What you have to do →
Below is a listing; restate from it, character for character, the lines beginning at the line holding "Selbstklebende Fototapeten Cafe" and ending at the line holding "Mama z dwójką", both included.
BEGIN Exercise material
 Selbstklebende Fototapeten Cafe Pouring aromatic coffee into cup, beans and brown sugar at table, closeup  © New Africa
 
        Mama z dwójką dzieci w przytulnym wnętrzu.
END Exercise material
BEGIN Exercise material
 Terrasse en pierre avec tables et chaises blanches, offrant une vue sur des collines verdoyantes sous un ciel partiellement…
END Exercise material
Response →
 Selbstklebende Fototapeten Cafe Pouring aromatic coffee into cup, beans and brown sugar at table, closeup  © New Africa
 
        Mama z dwójką dzieci w przytulnym wnętrzu.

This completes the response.